- [What needs to be done] In the data below, reproduce everything exactly except the images.

- [Input data]
● ● ● ●
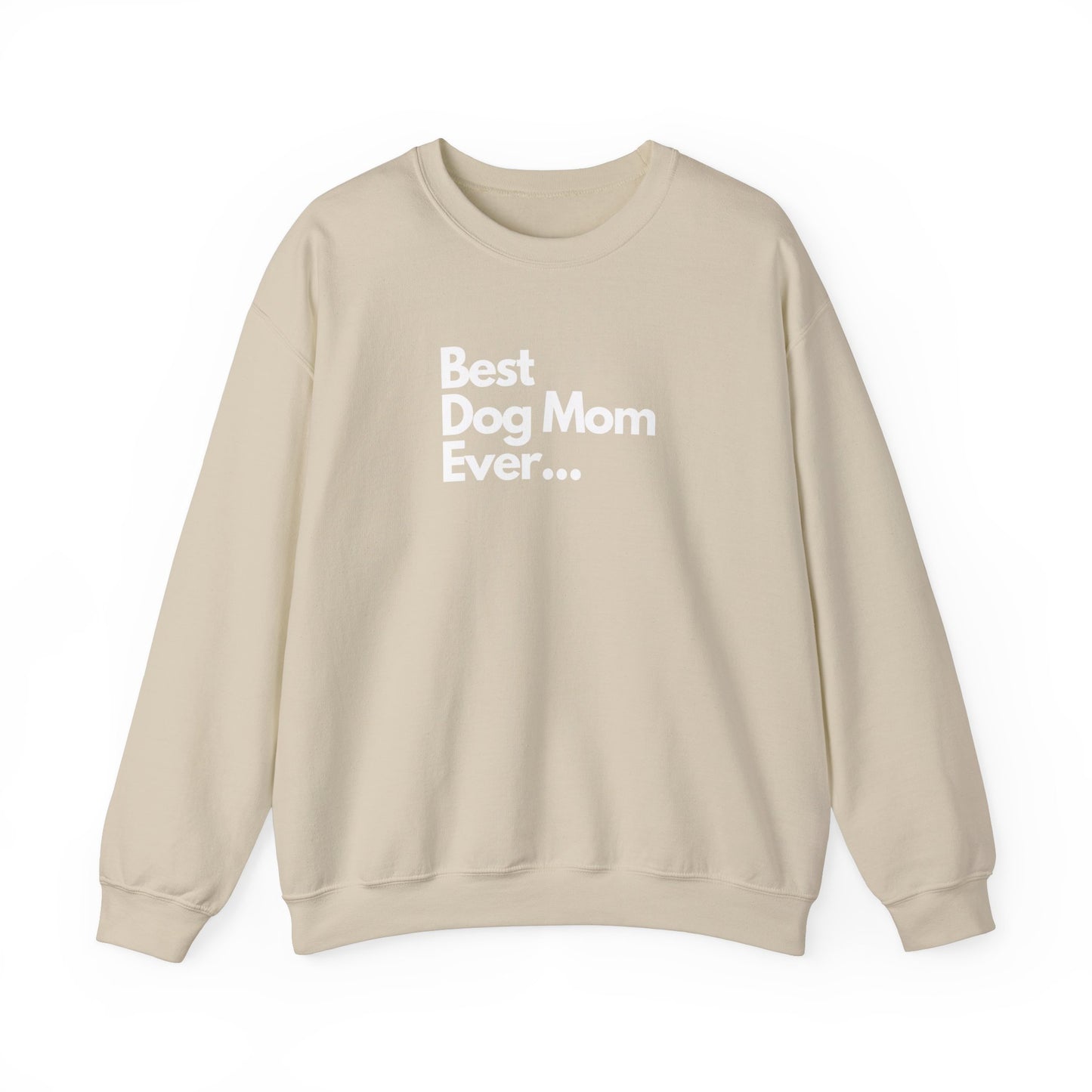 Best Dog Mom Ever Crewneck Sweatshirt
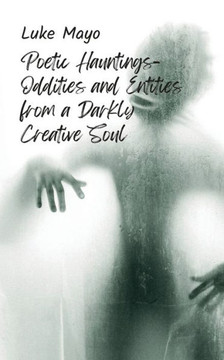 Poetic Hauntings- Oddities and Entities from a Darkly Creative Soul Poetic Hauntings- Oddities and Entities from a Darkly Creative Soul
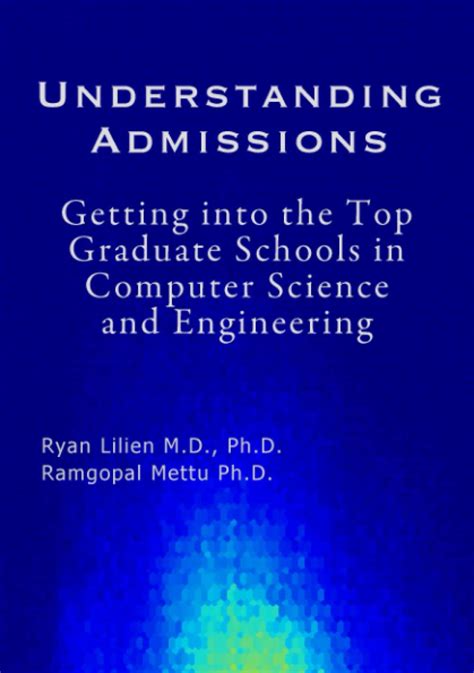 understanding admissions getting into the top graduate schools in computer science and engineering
● ● ● ●
- [Reply]
 Best Dog Mom Ever Crewneck Sweatshirt
 Poetic Hauntings- Oddities and Entities from a Darkly Creative Soul Poetic Hauntings- Oddities and Entities from a Darkly Creative Soul
 understanding admissions getting into the top graduate schools in computer science and engineering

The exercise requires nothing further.